Everybody else has that, and you can identify most international labels from
their profile. If a company goes off that track, normally it makes a different
label again. No, we would like the listener to be surprised by what he finds.
Actually, we’ve had two independent feedbacks from shops in Norway. When I
spoke to them, I asked: ‘What kind of labels do you bring in?’ ‘Oh, it’s
only jazz labels—and 2L, because that’s a total experience.’”
How, then, does Lindberg expect to get potential listeners to make that leap of
faith? The average Fanfare reader, for example, might well enjoy, say, the Flukt
folk-album Spill enormously (I certainly did), but how is he or she ever going
to come across it? “What we have experienced—especially on the web-shop,
where we can read directly what individuals buy—is that a classical buyer
normally buys two classical CDs and then adds a test of one of the others. Then
he comes back with a fantastic report and wants some more of that other stuff.
Of course, we have sound samples of all the tracks on all our editions on our
website [www.2l.no], so people
can go in and listen to the stuff before they decide whether to buy it.
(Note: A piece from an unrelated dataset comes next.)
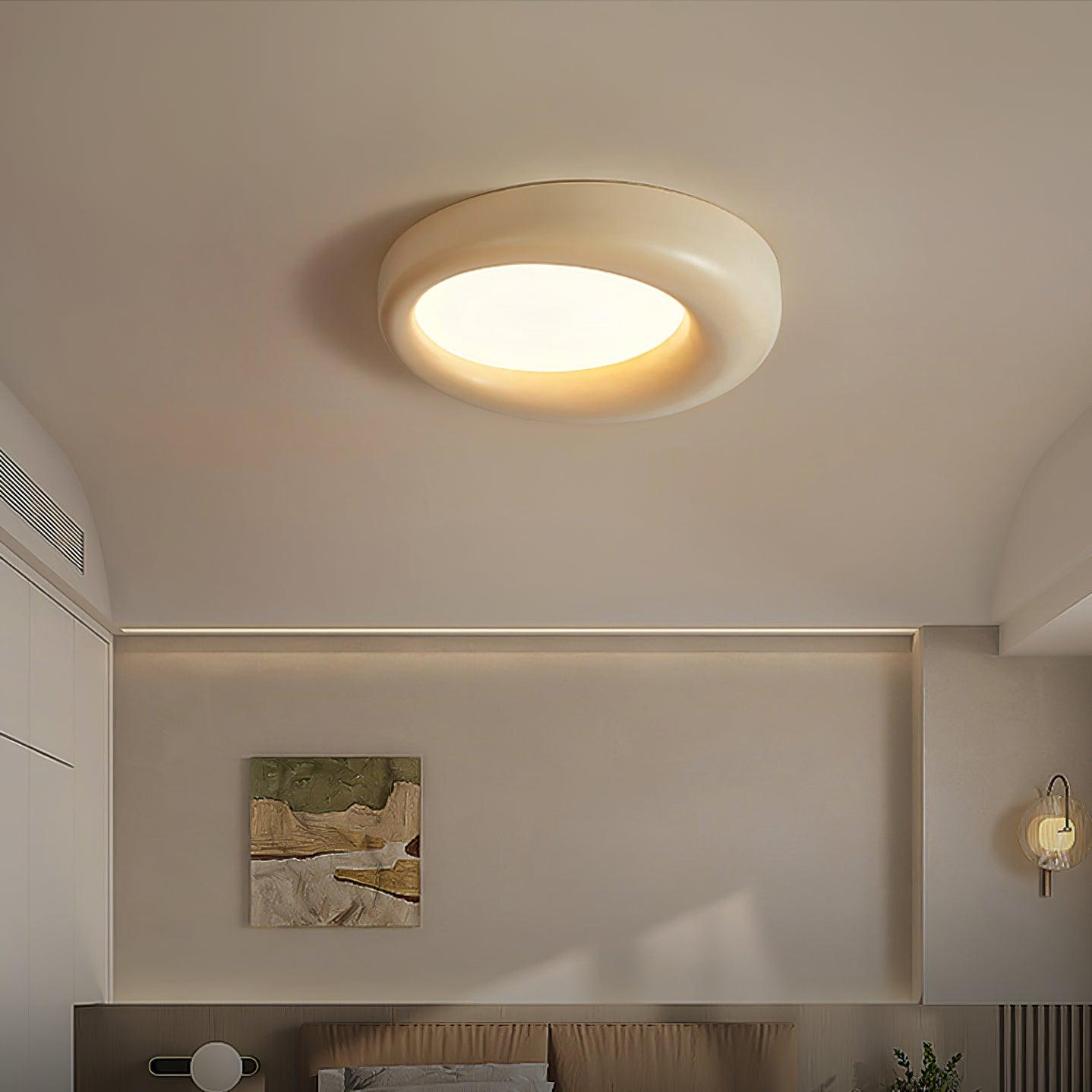 Zero Round Ceiling Light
And also
we have tried to make a small description on the cover of what kind of mood and
experience people can expect.” Hold on: take the Tron Steffen Westberg CD—it’s
entirely in Norwegian. Obviously the major market is in Norway, but if there’s
nothing in English how is someone in Arizona going to be enticed to acquire it?
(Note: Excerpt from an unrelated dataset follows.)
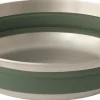 Detour Stainless Steel Collapsible Bowl L Green-Sea to Summit Discount
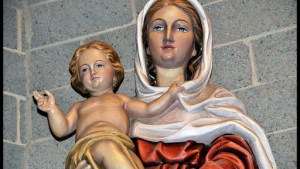 Jesus and Mary – Our Lady – Mary mother of Jesus – it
“You have spotted a weak link! [Laughter] As we’ve started to build 2L,
we’ve discovered a lot of things during the editions we’ve made over the
last ten months. Tron Steffen was originally intended mainly for the Norwegian
market, but then it turned totally around and in Finland and, especially,
Australia that recording has been very well taken up. So we’ve made an English
translation of the whole booklet which is available on the website as a download.
And Tadaaki Tsuda at Nordic Sound Hiroshima has translated all the booklet
entries of our entire catalogue into Japanese [to be found at http://home9.highway.ne.jp/nordic/].”
But then take Vintermåne (2L3)—there isn’t even an explanation for the
potential Norwegian buyer. “But it is explained on the website—‘The
magnificent steel-blue of a winter moon—an eerie warm light on the cold snow.’”
I’m not sure that helps much, but let’s carry on.
Assuming that 2L sees much of its trade coming over the Web, how is Lindberg
going to drive potential customers towards his site in the first place?
“That’s the challenge! That’s why we’re putting an ad in Fanfare
magazine. The whole music industry is turning over enormously, and has been for
the last five years. We have started a label in the middle of this upheaval, and
that means we have to explore different channels for distribution and for
marketing. We don’t have any guarantees for what will work and what won’t,
but we have the ability to turn around quite fast, combined with the patience to
see what works. So we have the possibility of putting quite a lot of measures
into action, to see what we can do to market this. Of course, the distribution
and the marketing is our main concern—in addition to making good products.
Fanfare is the first tool we use in the American market. As we’re based on a
Web presentation, it’s very easy, when we come to November and December and
Fanfare magazine hits the streets, to measure the statistics of our visitors to
the website and the webshop, and then we’ll have an immediate feedback on
whether this measure is working or not. One thing that we have not yet solved is
how to reach the audience that is not a part of the Web society, and if you, or
anybody you know, or the readers of Fanfare, have any good ideas, please come
with them—we are very open. Actually, as a small label we are very open to a
lot of thoughts on how to reach a genuinely interested audience with these
products.”
Is Lindberg also open to repertoire suggestions? “Definitely.” He has a
stable of Norwegian artists at the moment, but if someone approached him with a
fantastic blue-grass fiddler from Kentucky, would he be interested in that?
“Yep—because, as I said, what we are interested in is a musical experience
within an acoustic world, and there is no limit, we don’t have any limits.”